Camac Blog
François Pernel: A most unusual performance…
News
August 22, 2023
François Pernel has an excellent reputation as a harpist who provides music for weddings, marriages and events, and the creation of an exceptional ambience. In this capacity, he works alongside some of the leading wedding suppliers in the business.
Any freelance harpist has to be open to possibilities. It is one of the magical but unpredictable things about being a performer. Who will hear you on this occasion, who could open the next door to opportunity? One job leads to another, and it’s how performers move from performance to performance. When François played at the marriage of Surgeon, Dr. Philippe Paillard, a chance remark led to a most unusual performance…
“I met Philippe nearly two years ago because I was the harpist at his wedding. Since then, we’ve worked together on other musical events, and it was in the form of a joke, during our discussions, that I said to him: “how I’d love to be able to attend a day in the operating theatre”.
Philippe loves a challenge and he immediately responded with enthusiasm and made it possible: with the harp! The Bizet clinic approved and supervised the project.” [A wonderful name for a clinic in this context!]
The use of music and particularly harp music in a therapeutic context has gained more and more currency in recent years; there are a number of initiatives globally that show harpists how to operate within the medical sphere in non-intrusive approaches that benefit patients, families and staff alike. But few harpists have ventured into the sanctum of the surgery itself.
“The feedback I’ve had throughout the day has obviously convinced me of the benefits of using an instrument like the harp in a care setting. Hospital remains an anxiety-inducing environment, even if the teams do their best to reassure patients. As I myself am unfamiliar with this atmosphere, it took me a while to understand the logic: it’s an environment apart, out of time, with specific rules, an atmosphere ‘disconnected from the day’.”
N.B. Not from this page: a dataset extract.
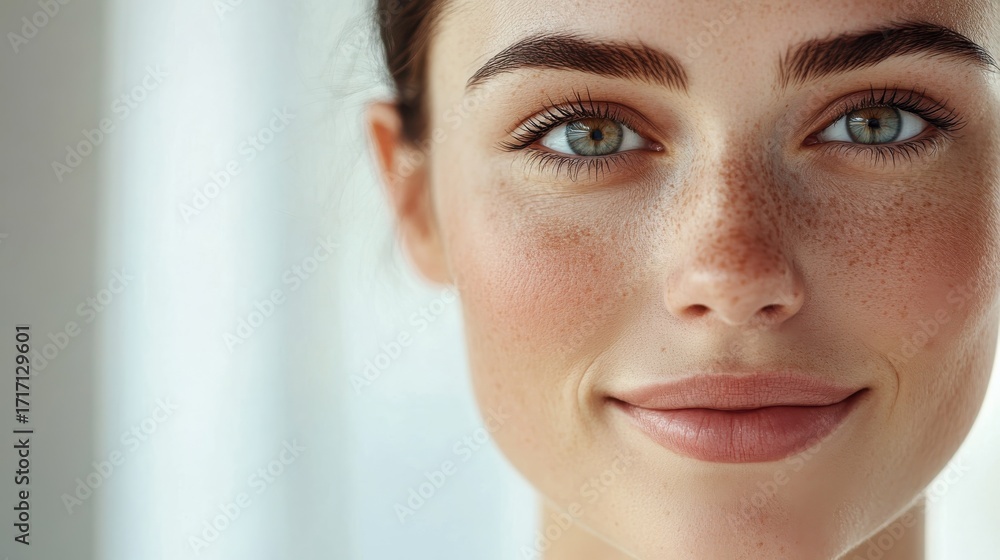 Naklejka premium Young woman with freckles and bright green eyes smiles warmly in soft natural light by the window during the daytime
We asked François: Is this kind of work something which should be given more weight in modern approaches to the instrument?
“To give you a precise answer, I’m just going to quote a patient I accompanied during his day in the operating theatre, who is also a surgeon: he told me that my harp was much more powerful than any painkiller! For someone who ‘knows the business’, if I may say so, the statement gives my intervention great meaning.”
Nonetheless, many performers might feel a twinge of fear, being present in such a rarefied and physically demanding space, where people are opened up and operated on. However, François seems to have had rather a sense of sang froid, and was actively fascinated by what was taking place before him:
“I was more or less prepared. But I wasn’t exactly numb to it either! The first operation was a PTG (total knee replacement). It’s a very impressive operation. Then there was an arthroscopy: I found it hard to play because I was ‘fascinated’ by what I was seeing on the screen! I didn’t get in the way of surgical procedures either, and I was well bundled up in protective and hygiene equipment. There are very specific sounds and smells that make this world so singular.”
Many musicians and lovers of music will attest to the potency of its power to promote a sense of inner wellbeing. To quantify and qualify these effects is however a rather more mercurial question: personal, and harder to define. But it would seem that musicians are more and more welcome in these challenging contexts, where music has the possibility to positively influence a potentially frightening (even traumatic) event.
“Music is very powerful. I’ve always had the very strong feeling that the harp could ‘cleanse’ environments where people felt abandoned and left to their own devices. I was in England at a centre for people with disabilities. We played a duet with an English harpist and at the end there was a huge silence. The concert hall was ‘washed out’, so to speak, ‘rebooted’.
On the other hand, as I’m very (overly) sensitive, I’ll sometimes leave a place if the music being played or broadcast there touches low energies. That’s just how I feel. Yes, there is music that lifts the spirit and soothes, and other music that makes us resonate with anger, violence and estrangement.
I think the harpists reading this article have already experienced these moments […] there are those moments when the harp is just a vector, a tool to transform the moment, the people, the place.
I believe in the omnipotence of music when you step outside your ego. By this I mean: when the performer is simply a go-between, and his or her instrument is merely a pretext for communicating with the Other, regardless of the score.”
I worked as a music therapist in a hospital in Japan for 10 years. And now I work as a music therapist in a state hospital in Australia. This is what I want to do and this is my goal. I think it is a wonderful thing. To do this, you need the understanding of many health professionals. How did you convince them, can you tell us for the future? I am very interested.
wonderful! I am a theatre surgical nurse for many years, and now I play the harp. I am on my path to starting harp therapy, as I know how great it is for patients in medical facilities feel. I have twice had the opportunity to play in foyer of major hospital, and the amount of people that comment positively, shows it really touches people playing the harp.